Each year, the CSA Hall of Fame inducts players, coaches or friends that have had a major impact on the sport, which is exactly what Hawthorn has done over the span of his career at Fordham.
"This is a prestigious award with challenging criterion, and is long overdue for an amazing man, such as Bob," said Paul Assiaiante, one of the Men's CSA Executive Board members.
Hawthorn has single-handedly kept Fordham Squash on the map, since taking over the coaching reins in the fall of 1956, back when the squash team had to travel daily to the New York Athletic Club to practice and play its matches. He is currently in his 51st season as the head squash and men's tennis coach, the longest tenure of any Fordham coach in school history.
A 1953 graduate of Fordham University, Hawthorn was a standout in both tennis and squash and was inducted into the Fordham Athletic Hall of Fame in 1977. Hawthorn gained Eastern ranking prominence as a player in the 1950s in both tennis and squash.

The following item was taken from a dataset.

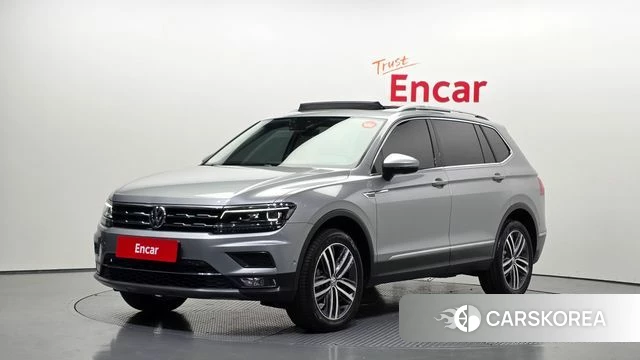Volkswagen Tiguan Allspace 2020 Серебристо-серый из Кореи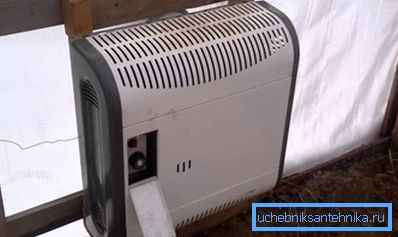 Para calentar el invernadero se puede utilizar convector, trabajando en gas licuado. Para calentar el invernadero se puede utilizar convector, trabajando en gas licuado.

Following his graduation, Hawthorn enrolled in the graduate school at Rose Hill, (eventually earning a Master of Science degree in Education in 1960), and took over the squash coaching reins in 1956. By 1958, Hawthorn was coaching the men's tennis team and teaching at Fordham Prep, a position which he just recently retired from in 2005.
From a coaching standpoint, Hawthorn is one of three coaches to be a three-time winner of the "Iron Major" Award (1976, 1984, and 1985), given to Fordham's top coach each year. In 1998, he was the recipient of the National Intercollegiate Squash Racquets Association (NISRA) Lifetime Achievement Award, and just one year later, the renovated outdoor tennis courts at Fordham were renamed the Hawthorn-Rooney Courts, a dual honor for Hawthorn and former women's coach, John Rooney.
He and his wife of 45 years, Eileen, reside in New Rochelle. The Hawthorns have eight children, all of whom have attended Fordham and either played or served as managers of the tennis team under their father, to go along with 12 grandchildren.